Requirement: The records underneath are to be printed in full and exactly, with no pictures carried over.

Data entries
+ + +

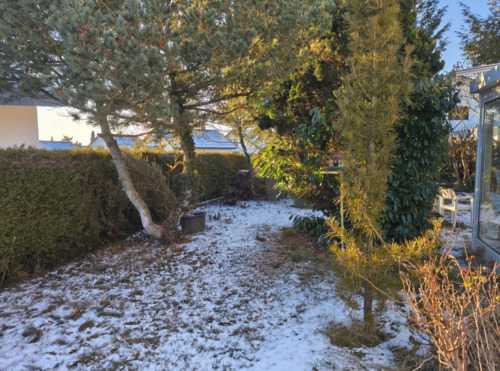 Foto - 6 Zimmer Doppelhaushälfte zur Miete in Wangen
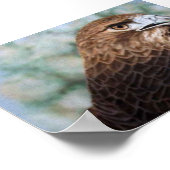 Roter Schwanz Hawk-Airbrush Poster (Ecke)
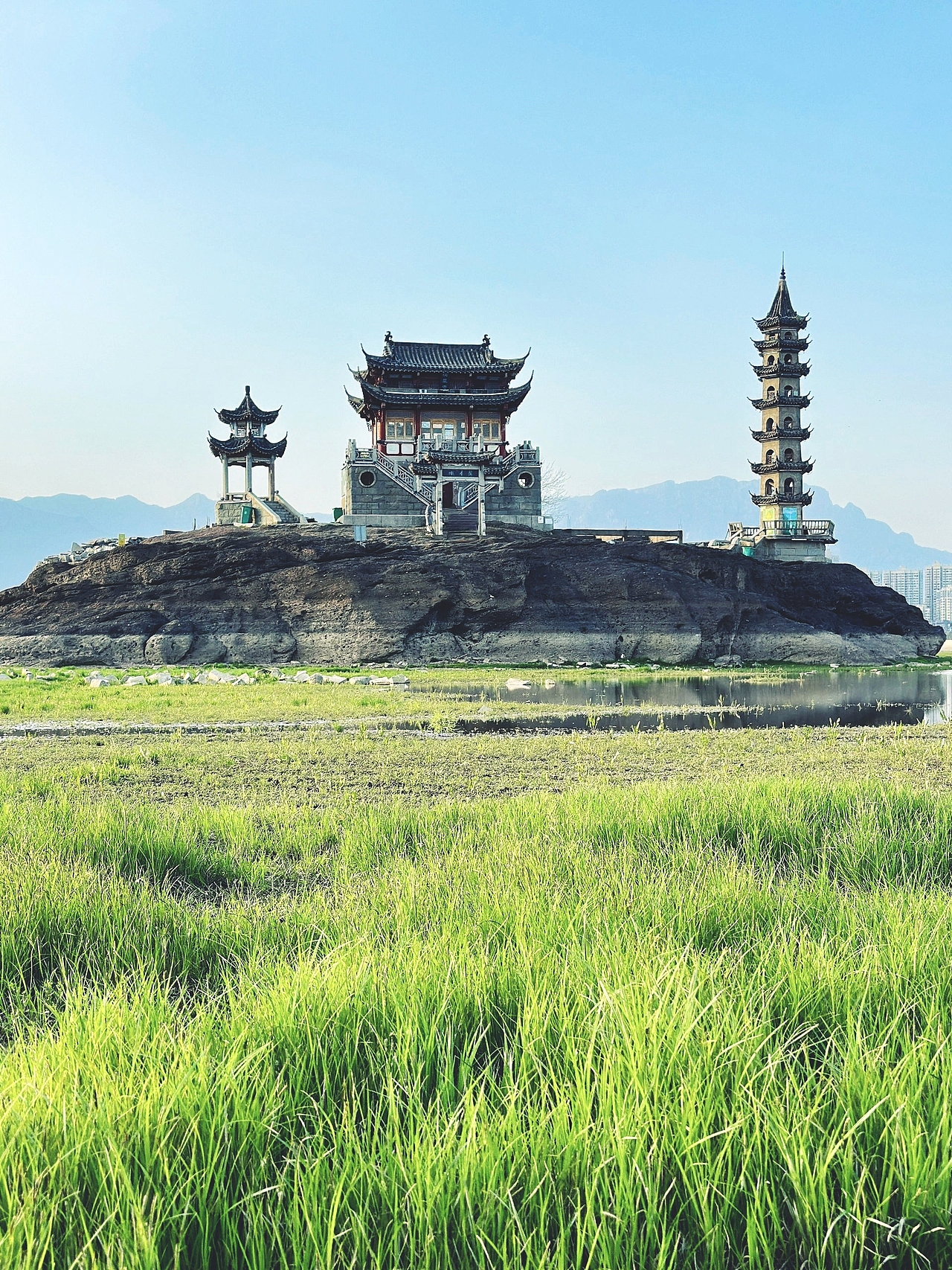 王爷庙鄱阳湖大草原,自然画卷中的诗意之地!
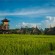 Ubud - Surrounding rice paddies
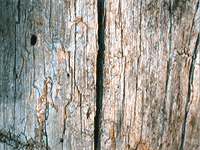 tree bark 16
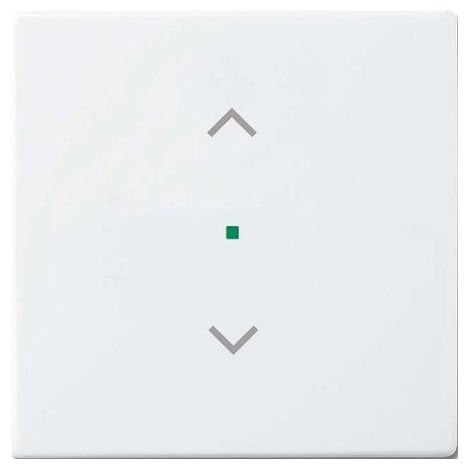 BUSCH-J. WIPPE 1-F SYMBOL JALOUSIE STUDIOWEIß 6232-10-84 BUSCH-JAEGER 6220-0-0040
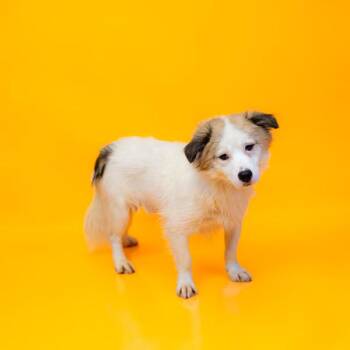 American Eskimo Dog Dogs Available for Adoption in Lawrenceville, Georgia - Pen 195 Harvey | PetCurious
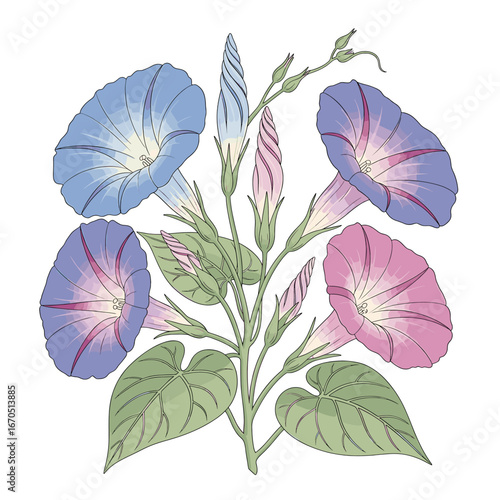 A delicate illustration of morning glories, showcasing vibrant blue and pink blossoms with unopened buds and lush green leaves.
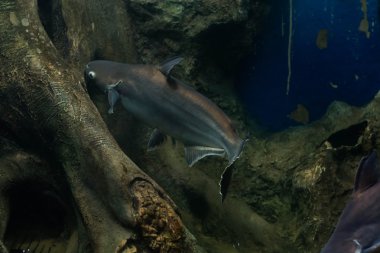 Salyangoz yiyen pangasius balık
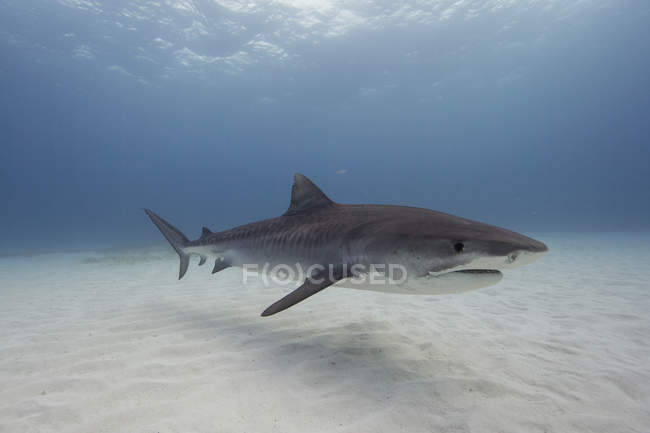 Tubarão tigre nadando debaixo d 'água — Fotografia de Stock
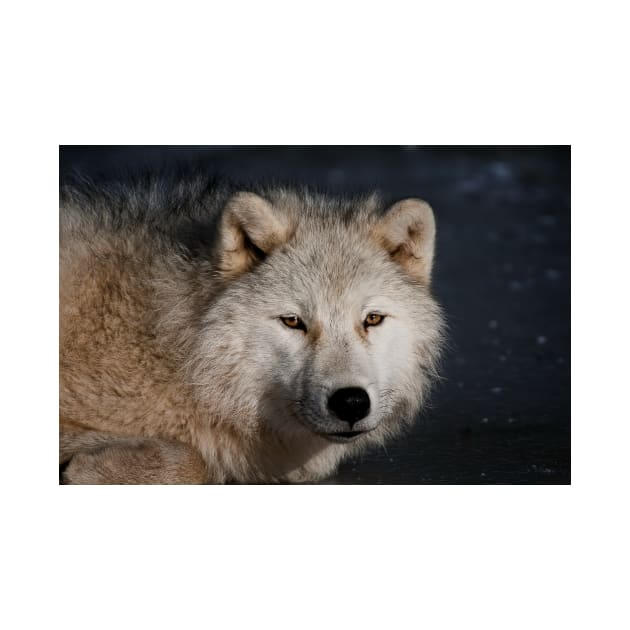 Arctic wolf by jaydee1400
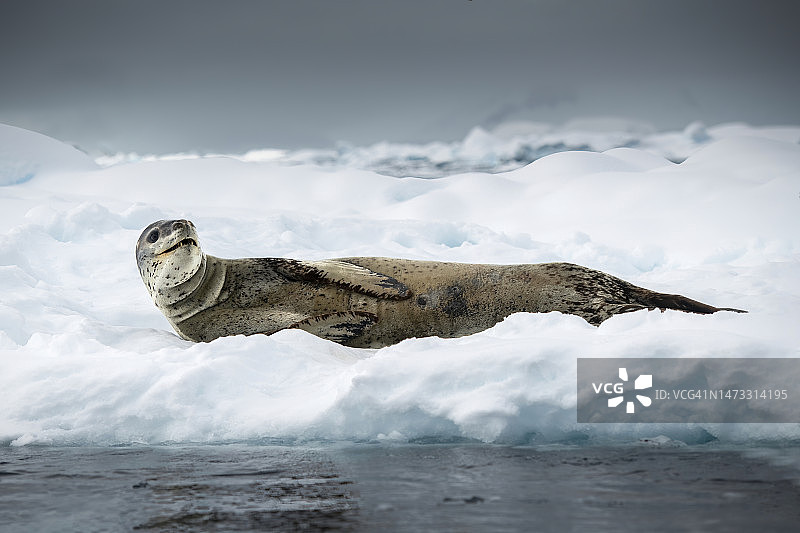 张着嘴躺在冰上的豹海豹，地点：南极洲弗兰德湾图片素材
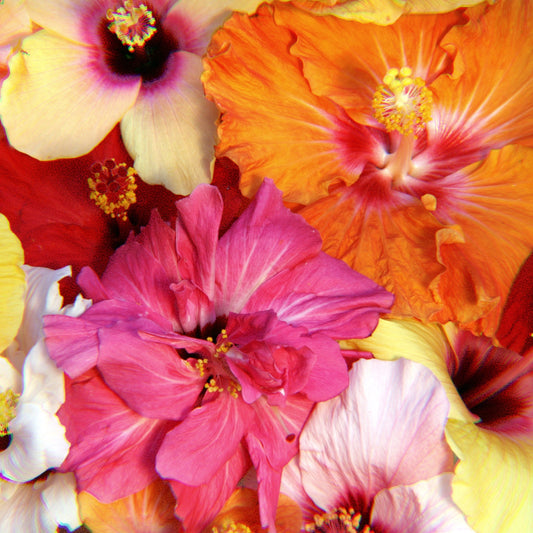 Koki'o Tier 2 Wedding Package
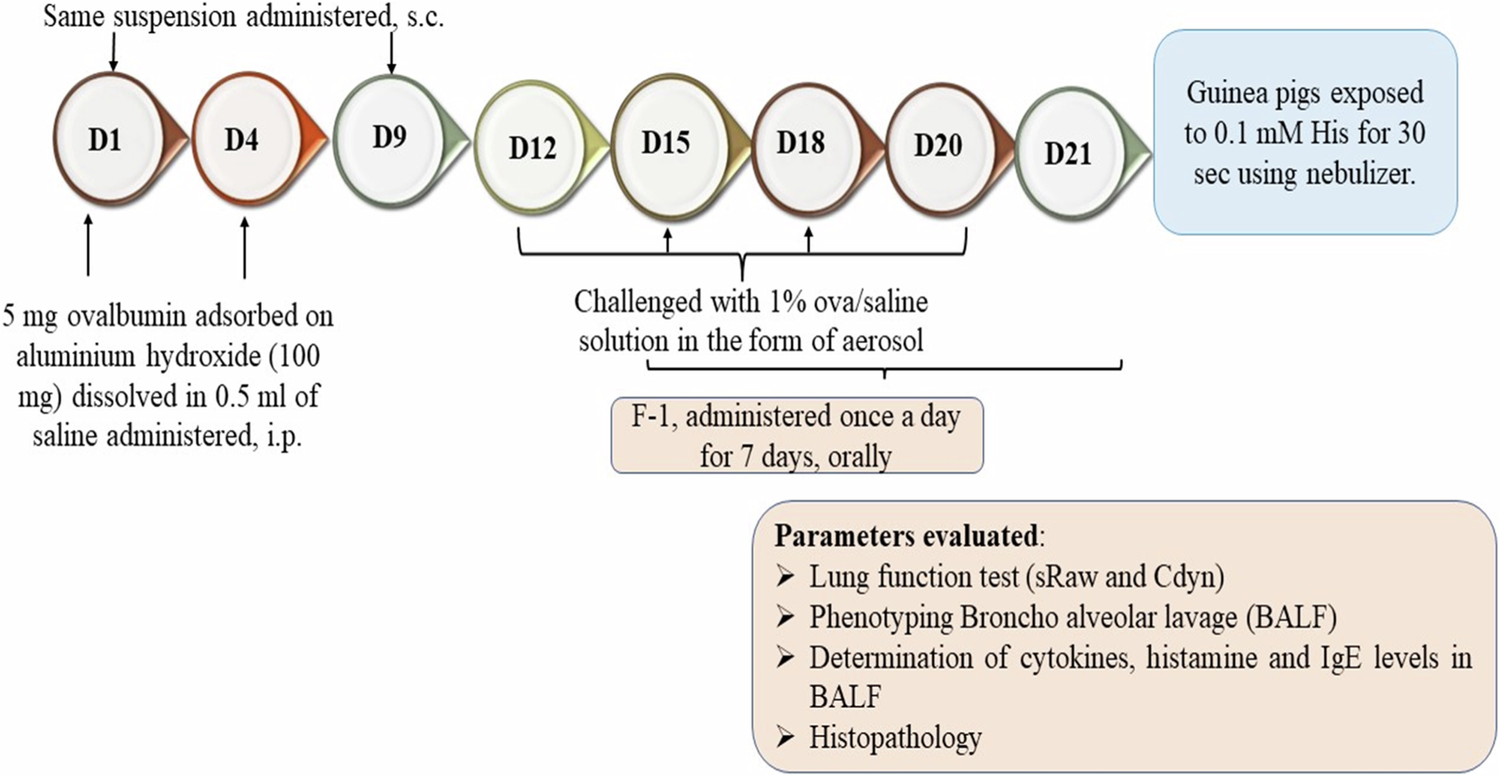 Airways Relaxant and Antiasthmatic Activity of Aconitum heterophyllum Wall ex Royle. Roots: A Mechanistic Insight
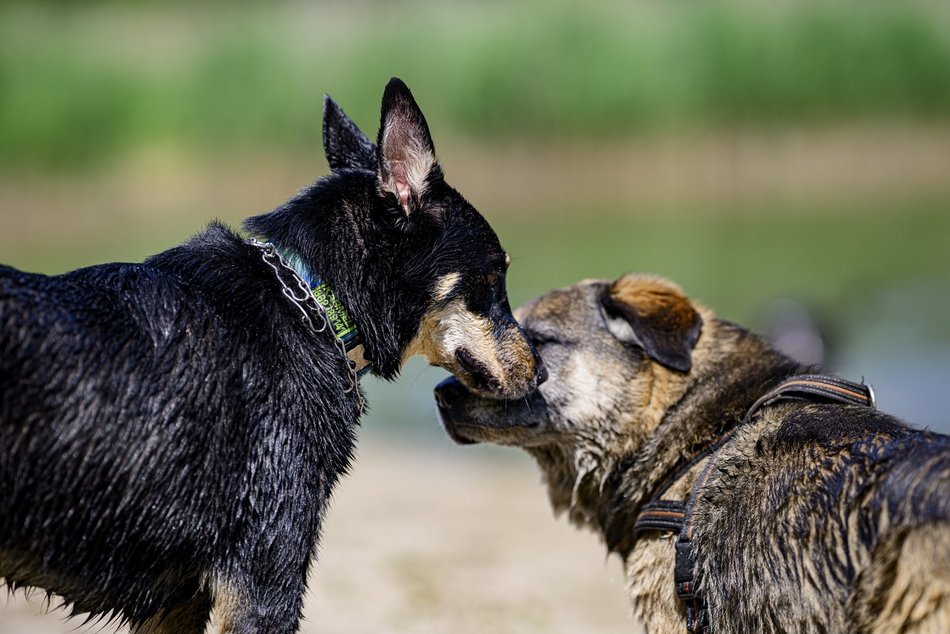 Łódź. Psiejski spacer na Uroczysku Lublinek w Łodzi. Kolejna odsłona wyjątkowej inicjatywy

+ + +

Answer area:
 Foto - 6 Zimmer Doppelhaushälfte zur Miete in Wangen
 Roter Schwanz Hawk-Airbrush Poster (Ecke)
 王爷庙鄱阳湖大草原,自然画卷中的诗意之地!
 Ubud - Surrounding rice paddies
 tree bark 16
 BUSCH-J. WIPPE 1-F SYMBOL JALOUSIE STUDIOWEIß 6232-10-84 BUSCH-JAEGER 6220-0-0040
 American Eskimo Dog Dogs Available for Adoption in Lawrenceville, Georgia - Pen 195 Harvey | PetCurious
 A delicate illustration of morning glories, showcasing vibrant blue and pink blossoms with unopened buds and lush green leaves.
 Salyangoz yiyen pangasius balık
 Tubarão tigre nadando debaixo d 'água — Fotografia de Stock
 Arctic wolf by jaydee1400
 张着嘴躺在冰上的豹海豹，地点：南极洲弗兰德湾图片素材
 Koki'o Tier 2 Wedding Package
 Airways Relaxant and Antiasthmatic Activity of Aconitum heterophyllum Wall ex Royle. Roots: A Mechanistic Insight
 Łódź. Psiejski spacer na Uroczysku Lublinek w Łodzi. Kolejna odsłona wyjątkowej inicjatywy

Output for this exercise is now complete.